> [Work request]: The records that follow need to be printed exactly. Leave out each image.

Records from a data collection
------------------------------------------------------------------------

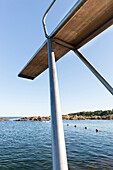 Diving tower at the beach near Hullehavn Camping, summer, Baltic sea, Bornholm, Svaneke, Denmark, Europe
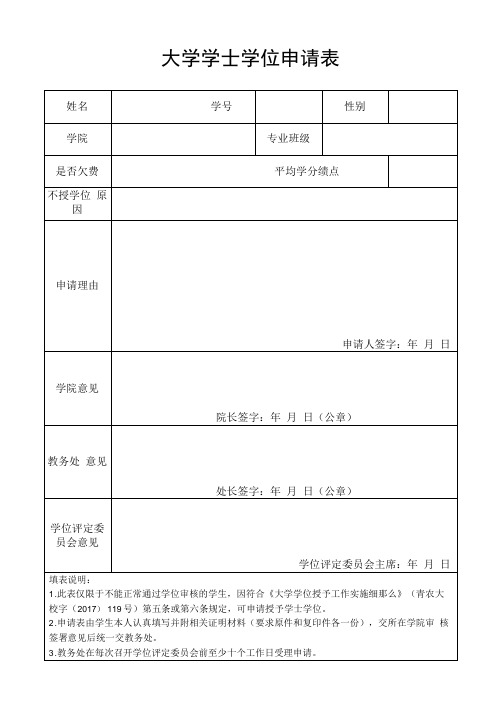 大学学士学位申请表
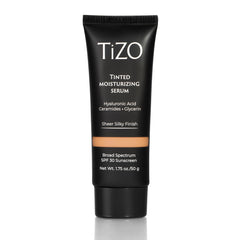 The TIZO tinted moisturizing serum SPF 30 packaging shows a lightweight formula for a natural glow.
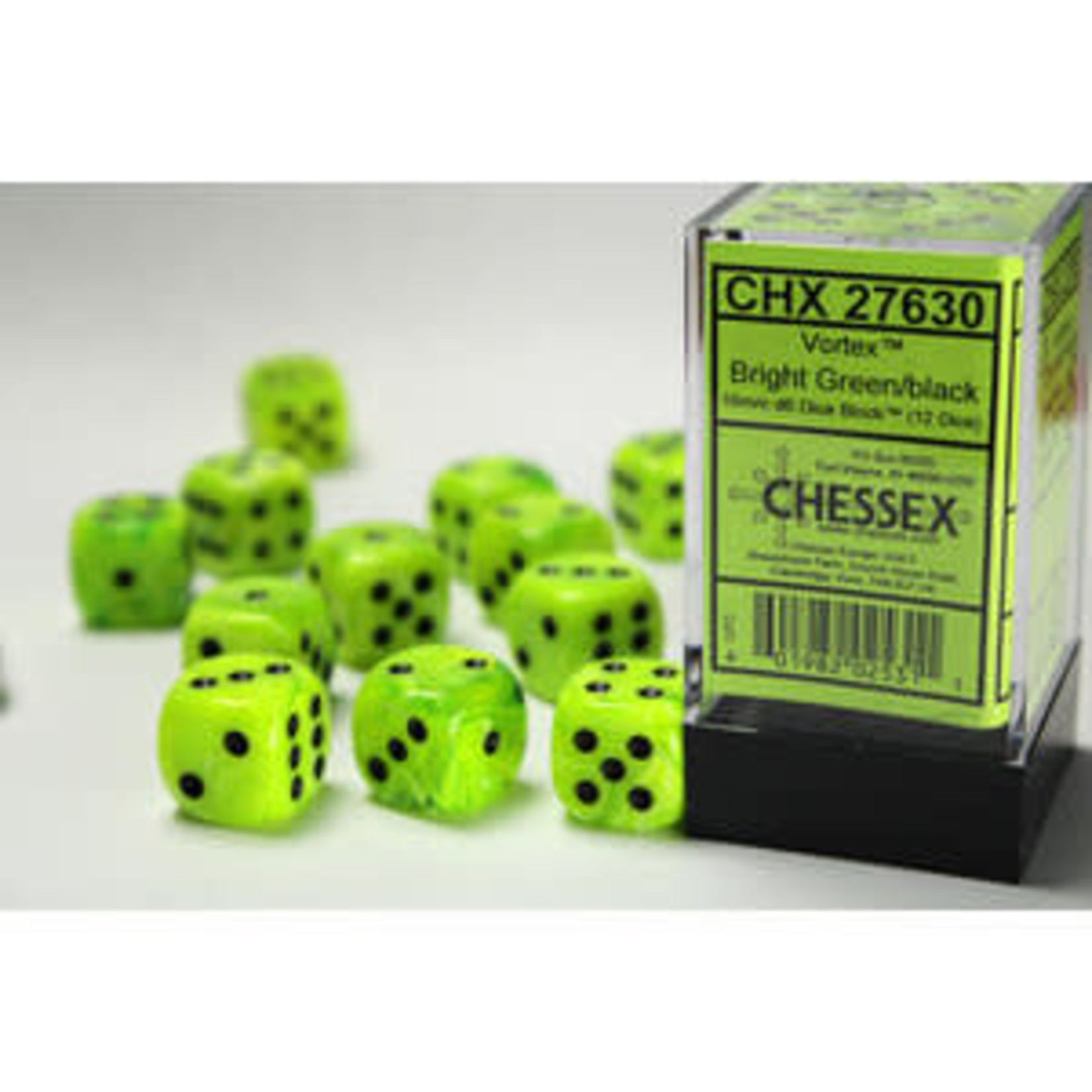 Chessex Vortex Dice: Bright Green / black  | 16mm d6 Dice Block | 27630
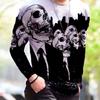 Spring and Autumn Round Neck 3D Halloween Funny Pattern Printed Top Fashionable Casual Long Sleeved Men's T-shirts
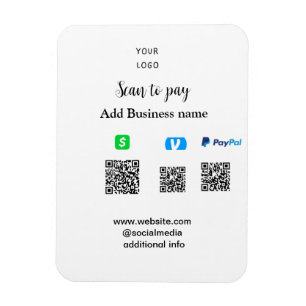 Íman Paypal Cashapp venmo scanear para pagar QR adicion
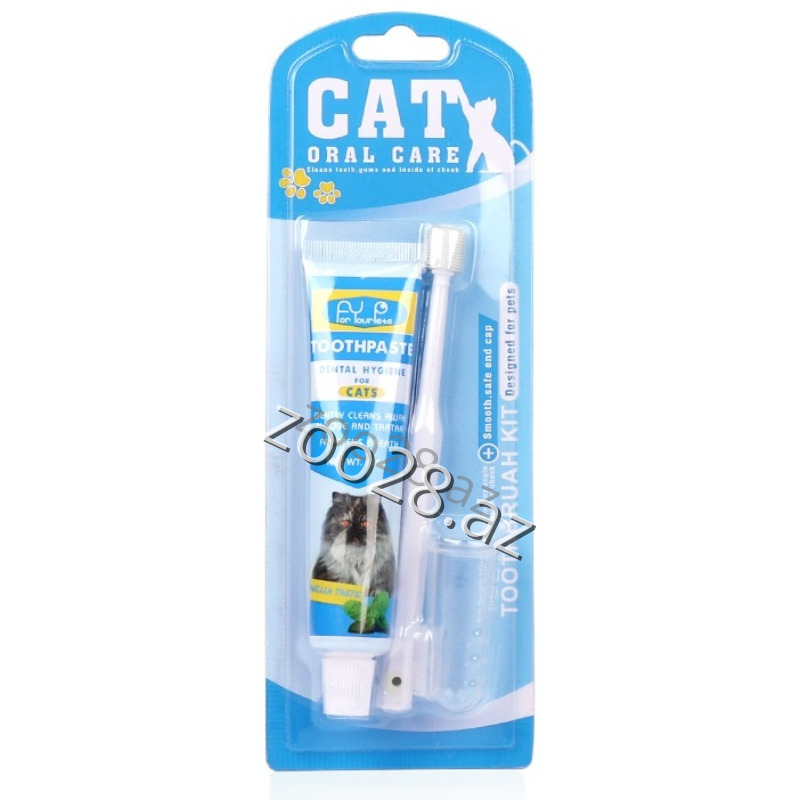 Cat Toothpaste 3ü 1də Diş Dəsti 70 gr - Pişiklər | Zoo28.az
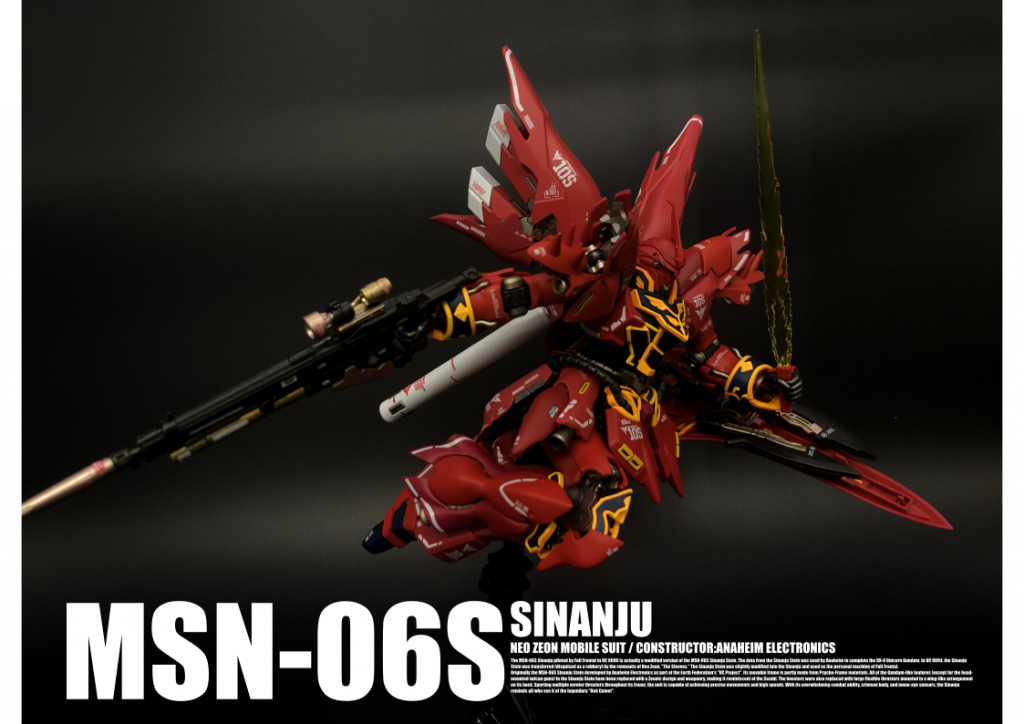 ビームライフルは、複数の金属色で塗り分けています。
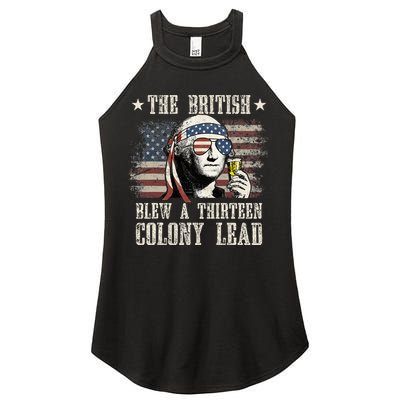 The British Blew A 13 Colony Lead 4th Of July Us Flag Women's Perfect Tri Rocker Tank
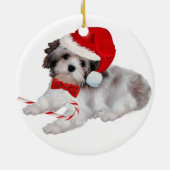 Havanese kerstversiering keramisch ornament (Achterkant)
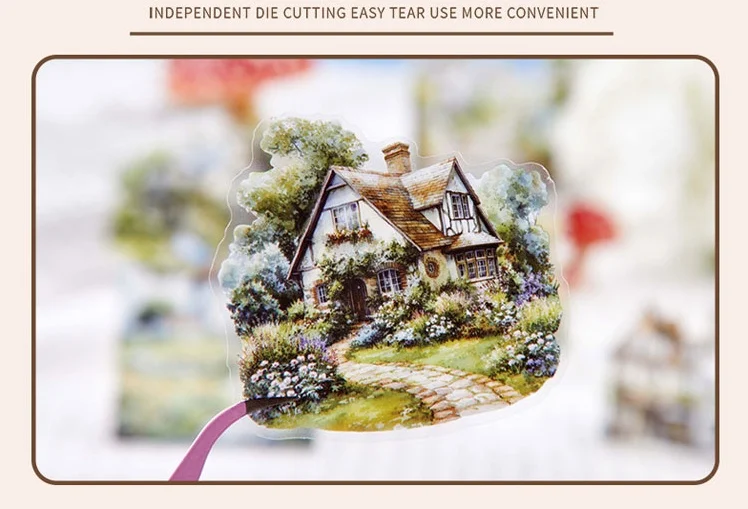 30pcs/pack Ins Aesthetic Stationery Stickers Town Scenery PET Scrapbook Stickers Collage Decor Diary Album Junk Journal Supplies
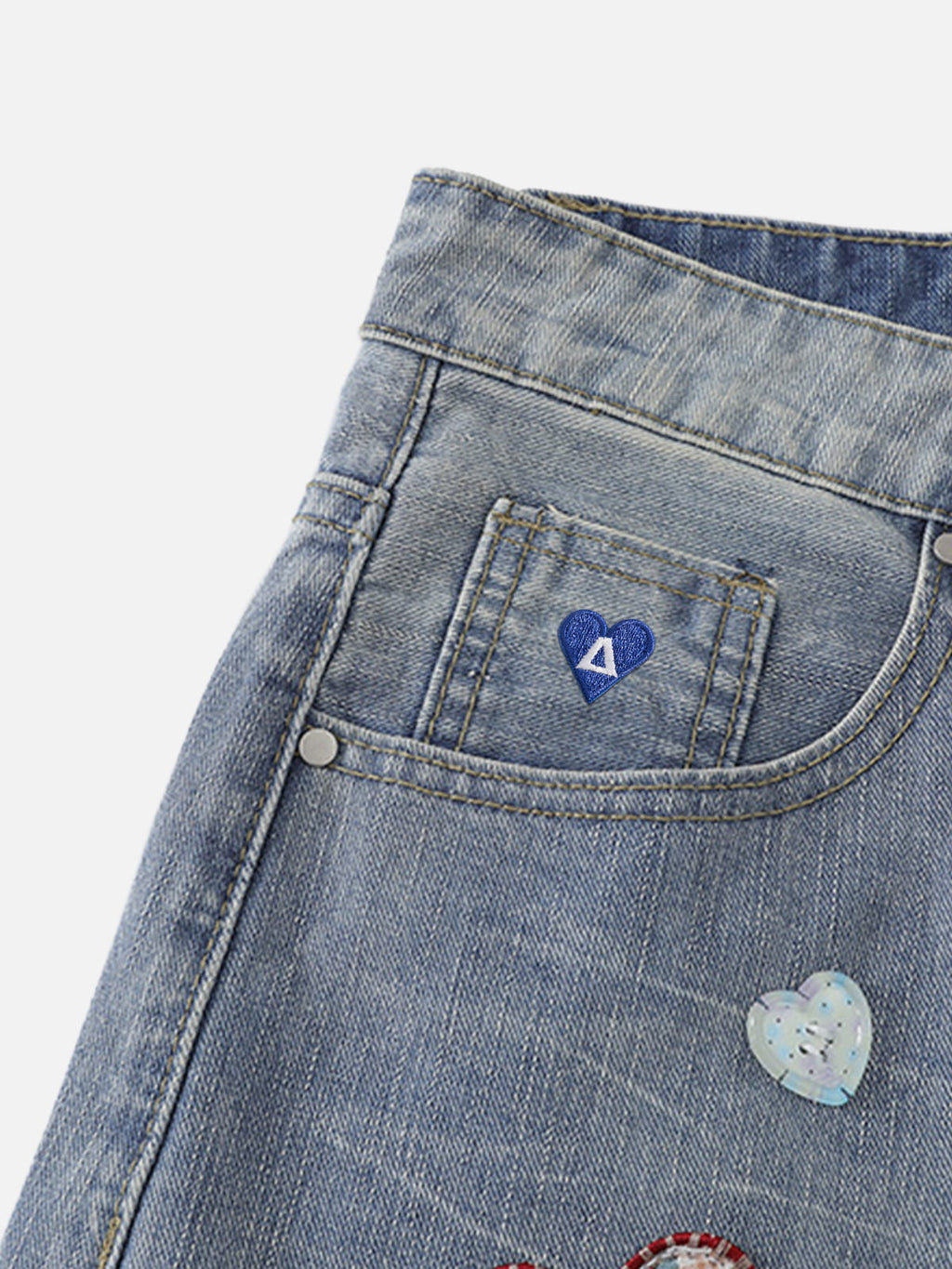[Pre-Order] Aelfric Eden Heart Star Patchwork Jeans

------------------------------------------------------------------------

> [The answer]:
 Diving tower at the beach near Hullehavn Camping, summer, Baltic sea, Bornholm, Svaneke, Denmark, Europe
 大学学士学位申请表
 The TIZO tinted moisturizing serum SPF 30 packaging shows a lightweight formula for a natural glow.
 Chessex Vortex Dice: Bright Green / black  | 16mm d6 Dice Block | 27630
 Spring and Autumn Round Neck 3D Halloween Funny Pattern Printed Top Fashionable Casual Long Sleeved Men's T-shirts
 Íman Paypal Cashapp venmo scanear para pagar QR adicion
 Cat Toothpaste 3ü 1də Diş Dəsti 70 gr - Pişiklər | Zoo28.az
 ビームライフルは、複数の金属色で塗り分けています。
 The British Blew A 13 Colony Lead 4th Of July Us Flag Women's Perfect Tri Rocker Tank
 Havanese kerstversiering keramisch ornament (Achterkant)
 30pcs/pack Ins Aesthetic Stationery Stickers Town Scenery PET Scrapbook Stickers Collage Decor Diary Album Junk Journal Supplies
[Pre-Order] Aelfric Eden Heart Star Patchwork Jeans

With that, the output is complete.